[[ DATA PROVIDED open ]]

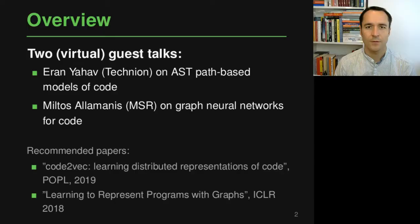Welcome everybody to analyzing software using deep learning. This is the last part of the course, and what we look at here are approaches for modeling code and reasoning about source code using neural models that look at graph representations of code. In particular, we will see two examples: one that looks at ASTs (abstract syntax trees) of code, and another that looks at more complex graphs that go beyond ASTs and also encode data dependencies, control dependencies, and other relationships between different elements of code.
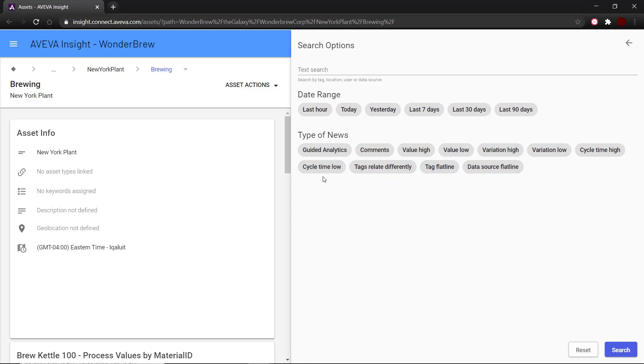If you have any guided analytics models set up, those items would come under the newsfeed and you could search for them as well. Guided analytics is an add-on module to the base AVEVA Insight solution.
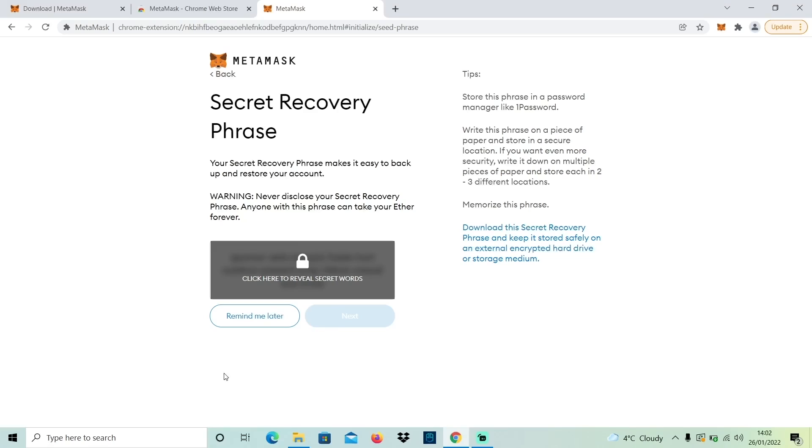On the next page you'll be given a set of 12 words which act as your private key. You can think of this as your master password to all your digital assets. You can use this set of 12 words to restore your wallet on any device if you were to forget your password. However, if anyone else had access to your 12 words they could also do the same — restore your wallet on a different device and they would have access to all your digital assets and NFTs.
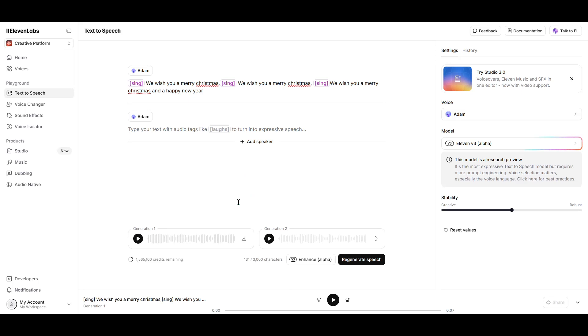Remember, practice and experimentation are key here. With the right lyrics and tags, you can achieve some pretty impressive audio outputs.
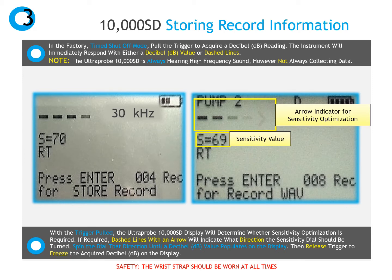The Ultra Probe 10,000 SD is factory defaulted to be in a timed shutoff mode, so when the trigger is pulled, the instrument will begin trying to obtain a decibel reading. The Ultra Probe 10,000 is always hearing high frequency sound; however, it is not collecting data unless the trigger is pulled. With the trigger pulled, the Ultra Probe display will indicate if the instrument sensitivity is within range. If dashed lines with an arrow appear, turn the sensitivity dial in the direction of the arrow until the decibel appears. Once the decibel appears, release the trigger to freeze the acquired decibel on the display screen.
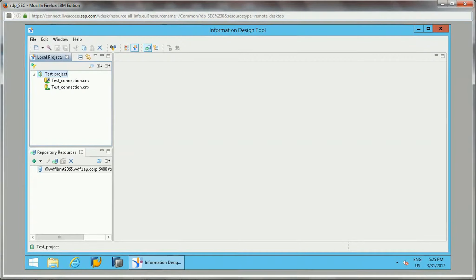Hello friends, in this video I will be showing you practically how we can create a data foundation in the Information Design Tool. This is our second step to create a universe in the Information Design Tool. The theory section I have already covered — the link for that video is available in the description. You can go through it first to understand the concepts related to the data foundation.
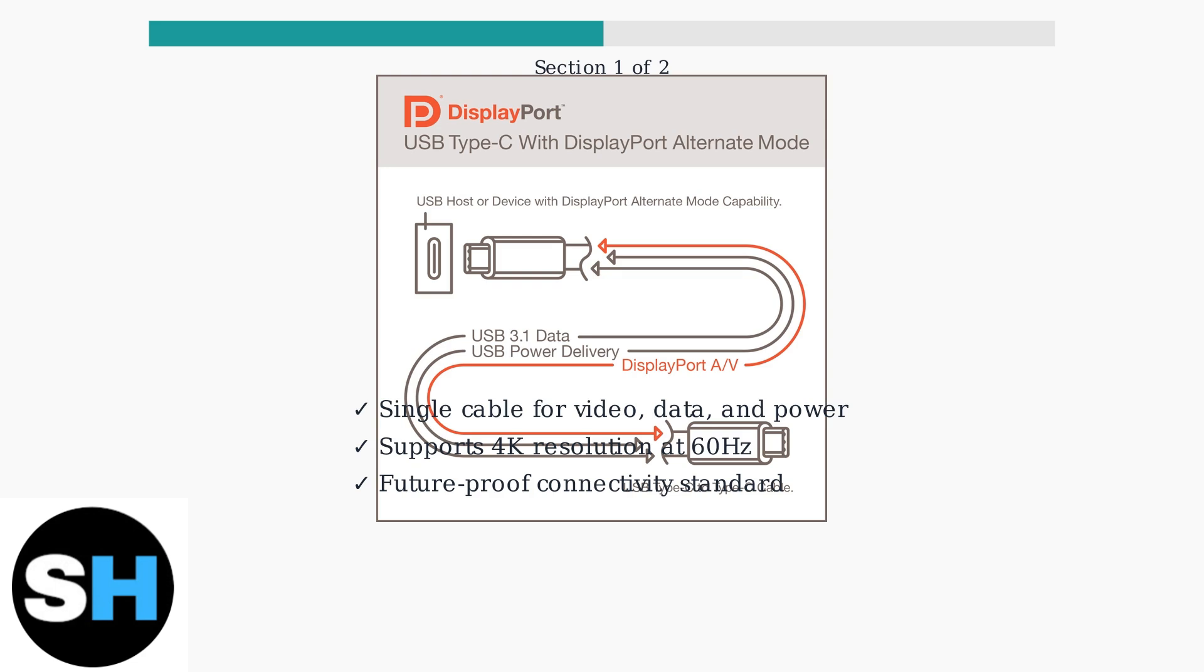You now understand the two primary methods for connecting your Acer monitor to your laptop. Choose HDMI for simplicity or USB-C for advanced functionality and power delivery.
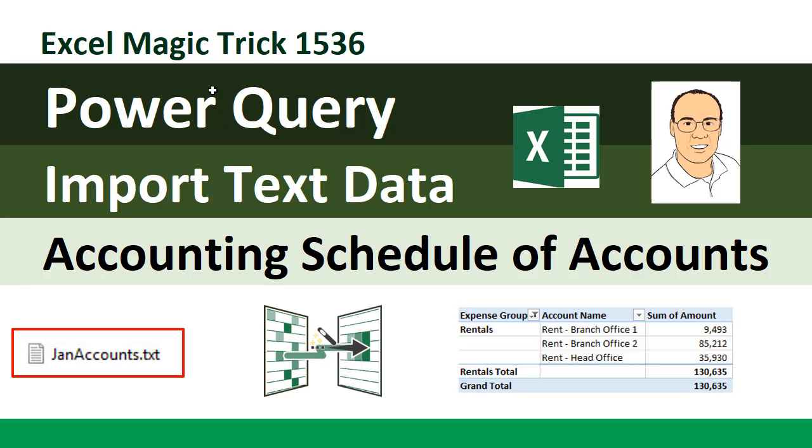Welcome to Excel Magic Trick number 1536. In this video, we're going to see how to use Power Query to import text data to create an accounting schedule of accounts.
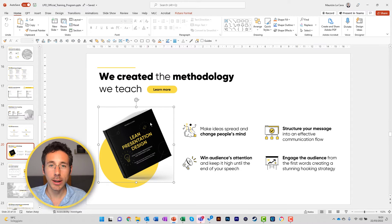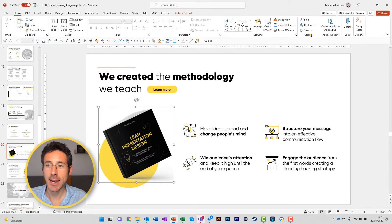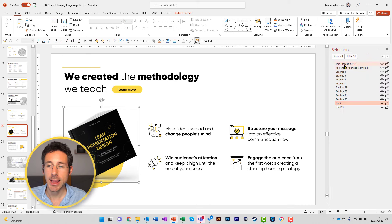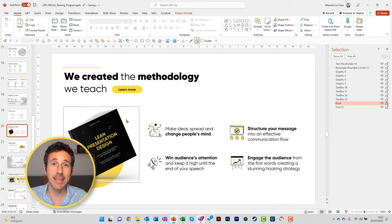Imagine you want to lock the book picture here on this slide. All you have to do is go to Home, then select Selection Pane, and here you select the book layer and you lock it. Once you click on the locker, the object won't be selectable anymore. I'm trying to move it — I can't even select it.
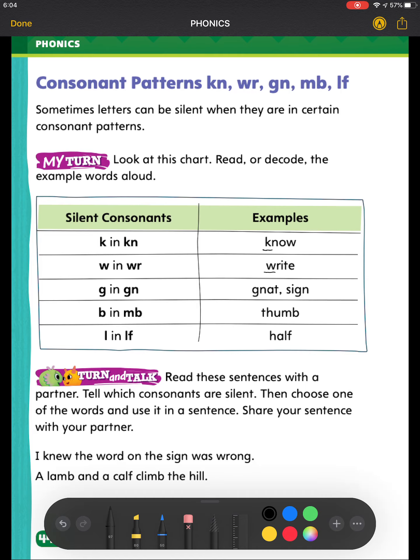The next letter is G. When I have G and N next to each other, just like I do here in the first word and in the second word. The first word is GNAT, and the second word is SIGN.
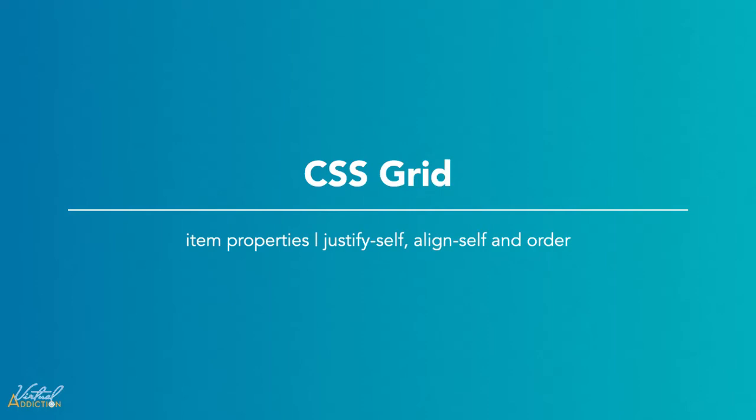We are going to take what we've learned so far and apply it to a web page. We'll be using a lot of the various properties that we've discussed about grid up until this point. I also wanted to introduce you to a couple of the item properties. We'll be talking about justify self, align self, and order.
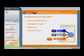Connected data sources can be enterprise directories, NOS directories, databases, or data in flat files.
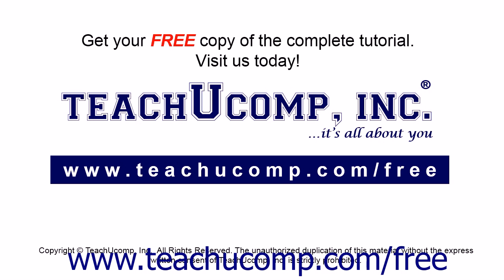Get your free copy of the complete tutorial at www.teachucomp.com forward slash free.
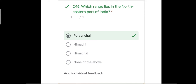Question number sixteen: which range lies in the northeastern part of India? The options were Purvanchal, Himadri, Himachal, and none of the above. The correct answer is Purvanchal — a range of hills on the northeastern side. From the word 'Purv' you can understand it is on the eastern side, as Purv means east. Himadri is the greater Himalayas in the northernmost part, and Himachal is the middle Himalayas.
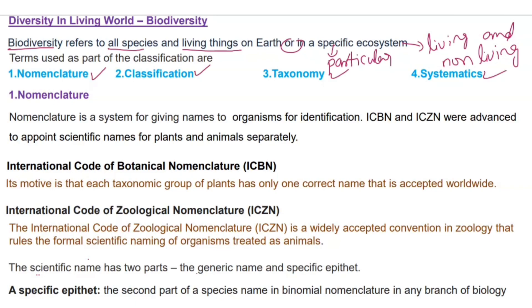Nomenclature is a system for giving names to organisms for identification. Whatever organisms are there in our surroundings, every organism's name is different — every organism's name is unique. So nomenclature means it is a system for giving names to organisms for our identification.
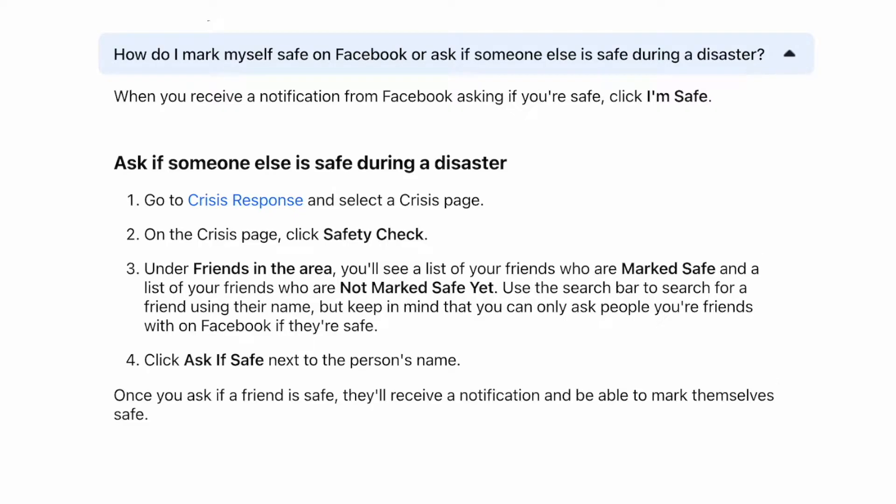To ask if someone else is safe during a disaster, go to Crisis Response and select a crisis page. On the crisis page, click Safety Check.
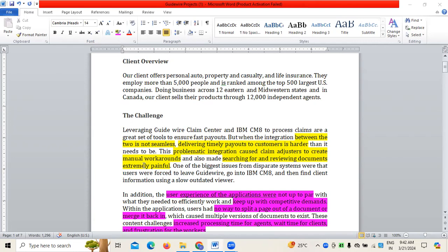Today I'm going to discuss a case study or project in context to the implementation of Guidewire projects in the real world. This is in regard to the role of a business analyst. I've made a couple of videos earlier about the Guidewire role as a business analyst — how we work on Guidewire configuration, workflows, data models, and data dictionaries.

[[ DATA PROVIDED closed ]]

**EXERCISE INSTRUCTIONS**: Write out the lines from the line with "Nomenclature is a" through the end of the records exactly; do not include pictures or any other lines.

**EXERCISE ANSWER**:
Nomenclature is a system for giving names to organisms for identification. Whatever organisms are there in our surroundings, every organism's name is different — every organism's name is unique. So nomenclature means it is a system for giving names to organisms for our identification.
To ask if someone else is safe during a disaster, go to Crisis Response and select a crisis page. On the crisis page, click Safety Check.
Today I'm going to discuss a case study or project in context to the implementation of Guidewire projects in the real world. This is in regard to the role of a business analyst. I've made a couple of videos earlier about the Guidewire role as a business analyst — how we work on Guidewire configuration, workflows, data models, and data dictionaries.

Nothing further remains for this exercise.